In einer aktuellen Entscheidung (Az. C-487/21) hat sich der Europäische Gerichtshof (EuGH) nun mit dem datenschutzrechtlichen Recht auf Kopie befasst. Voraus ging ein Rechtsstreit vor dem österreichischen Bundesverwaltungsgericht. Eine Privatperson hatte von der Kreditauskunftei CRIF Auskunft über die Verarbeitung ihrer personenbezogenen Daten gefordert und um Bereitstellung der Dokumente gebeten, die ihre Daten enthalten. Nachdem die Auskunftei die Bereitstellung abgelehnt hatte und auch die hierauf bei der österreichischen Aufsichtsbehörde eingelegte Beschwerde erfolglos blieb, reichte der Betroffene Klage ein.

Das Bundesverwaltungsgericht setzte das Verfahren aus und legte dem EuGH mit einem Vorabentscheidungsersuchen mehrere Auslegungsfragen zum Recht auf Kopie vor. Zusammenfassend wollte das Gericht wissen, ob das Recht auf Kopie lediglich eine Zusammenstellung der personenbezogenen Daten in aggregierter Form meint oder auch Duplikate von Dokumenten (z.B. E-Mails) davon umfasst sind.

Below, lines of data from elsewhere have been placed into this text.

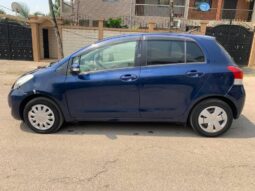 Toyota Vitz  2009 Douala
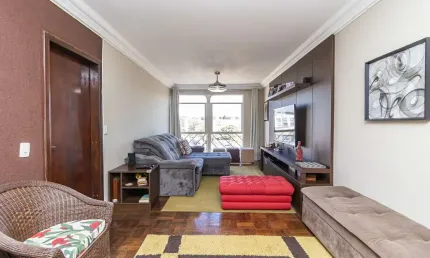 Apartamento para Venda em Curitiba, Rebouças, 3 dormitórios, 1 suíte, 3 banheiros, 1 vaga
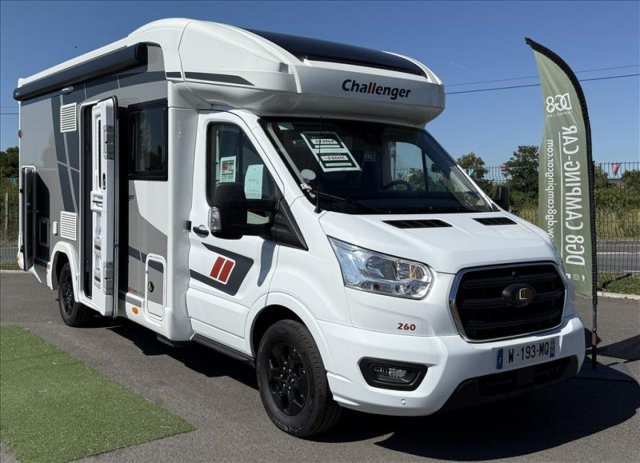 Challenger 260 Etape Edition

Der EuGH entschied dazu Folgendes: Das Recht auf Kopie bestimme lediglich die Modalitäten der Auskunftserteilung und habe daher keinen eigenen Anspruchscharakter. Weiter habe der Betroffene nicht nur ein Recht auf Überprüfung, ob die personenbezogenen Daten richtig sind, sondern auch, ob deren Verarbeitung in zulässiger Art und Weise erfolgt. Ansonsten können er die anderen, von der EU-DSGVO gewährten Betroffenenrechte, wie Löschung, Einschränkung der Verarbeitung oder Widerspruch, nicht wirksam ausüben. Darüber hinaus folge aus dem Transparenzgebot, nach dem Betroffenen die in Art. 15 EU-DSGVO enthaltenen Informationen in präziser, transparenter, verständlicher und leicht zugänglicher Form in einer klaren und einfachen Sprache zu übermitteln sind, dass der Betroffene in die Lage versetzt werden müsse, die erteilte Auskunft vollumfänglich zu verstehen.

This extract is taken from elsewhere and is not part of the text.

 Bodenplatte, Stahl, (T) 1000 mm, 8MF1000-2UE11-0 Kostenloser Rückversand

Aus diesen Gründen beschränke sich der Auskunftsanspruch – so der EuGH - nicht auf die bloße Zurverfügungstellung zusammengeführter Informationen. Vielmehr seien dem Betroffenen auch Reproduktionen von Auszügen aus Dokumenten, ganzer Dokumente oder aus Datenbanken zu übersenden, sofern die damit verbundene Kontextualisierung für die Verständlichkeit der Auskunft unerlässlich ist.

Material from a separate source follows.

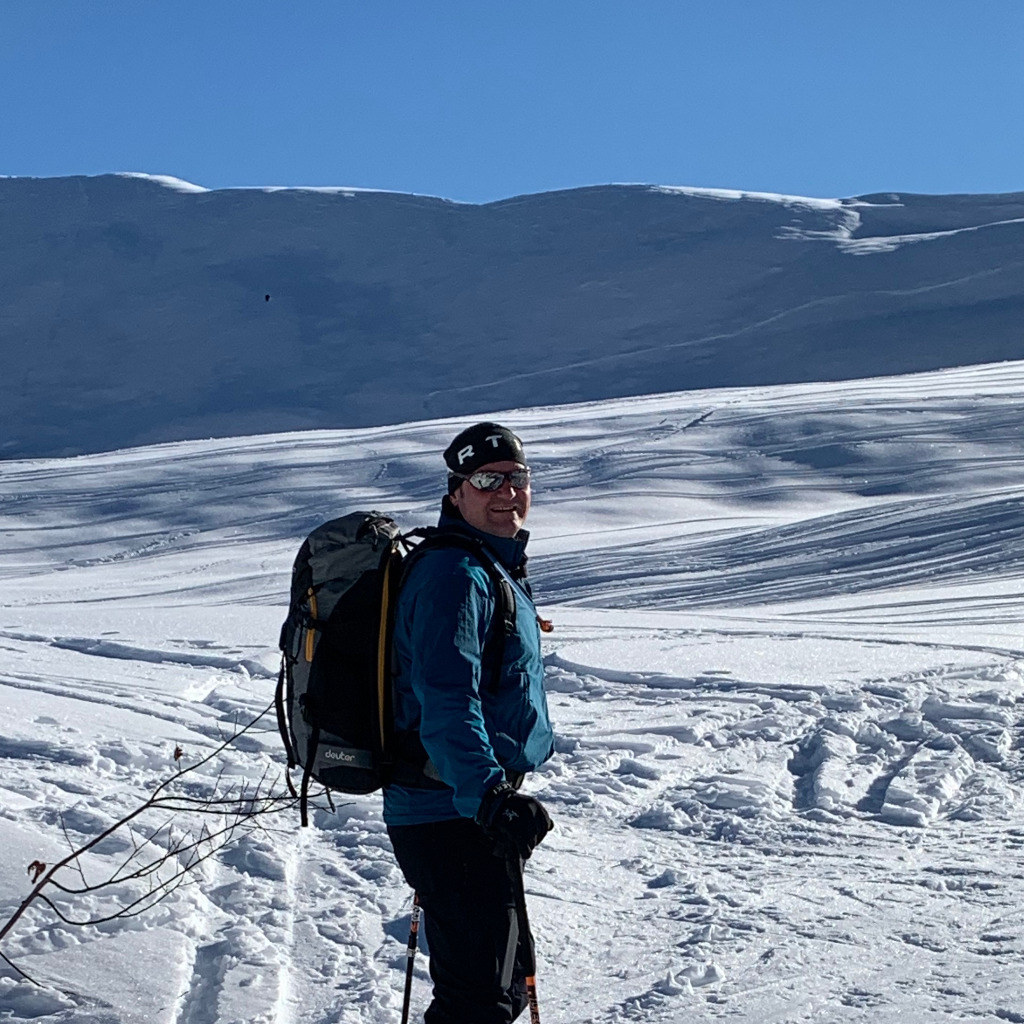 Richard Erber Senior Field Sales Engineer Automotive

Damit hat der EuGH die lange bestehende Streitfrage, welchen Inhalt das Recht auf Kopie aufweist, zugunsten der Betroffenen aufgelöst, die nun auch mit höchstrichterlichem Segen auf der Übermittlung von E-Mails, Datenbankauszügen und anderer Dokumente, die ihre personenbezogenen Daten beinhalten, bestehen können.

Zwar können sich nach dem EuGH weiterhin etwaige Geheimhaltungsinteressen gegenüber dem Recht auf Kopie einschränkend auswirken. Diese dürfen aber nicht dazu führen, dass dem Betroffenen jegliche Auskunft verweigert wird. Verantwortliche Unternehmen haben daher zu prüfen, wie dem Betroffenen die Auskunft dennoch erteilt werden kann. Daher kann es angezeigt sein, entsprechende Dokumentpassagen vorab unkenntlich zu machen (etwa mittels Schwärzung), was den für die Auskunftserteilung betriebenen Aufwand allerdings nochmals signifikant erhöhen dürfte.

Zukünftig werden sich daher Unternehmen, gegenüber denen das Recht auf Kopie geltend gemacht wird, nicht mehr auf den Standpunkt stellen können, für die Erfüllung des Anspruchs genüge die Übersendung eines Auskunftsformblatts, welches die in Art. 15 Abs. 1 EU-DSGVO genannten Angaben ausweist. Stattdessen sollten sie sich damit befassen, wie solchen Ansprüchen bereits im Vorfeld effizient begegnet werden kann. Dazu empfiehlt es sich entsprechende technische und organisatorische Maßnahmen (z.B. Datenhaltung, Datenschutzmanagementsystem, Privacy by Design, Regelung für private E-Mails, vertraglicher und technischer Schutz von Geschäftsgeheimnissen, etc.) zu ergreifen, die eine möglichst unbürokratische Beantwortung ermöglichen.

Ist das Kind schon in den Brunnen gefallen und der Anspruch bereits erhoben, gilt es die rechtlichen Abwehrmöglichkeiten auszuloten. Denn unter bestimmten Voraussetzungen kann der Verantwortliche die Auskunft insgesamt verweigern, etwa wenn die personenbezogenen Daten nicht mehr aktiv verarbeitet werden und diese nur noch aufgrund laufender Aufbewahrungsfristen gespeichert sind. Ebenso kann es je nach Einzelfall sein, dass der Erhalt von Kopien nicht erforderlich ist, um die Auskunft nachvollziehen zu können.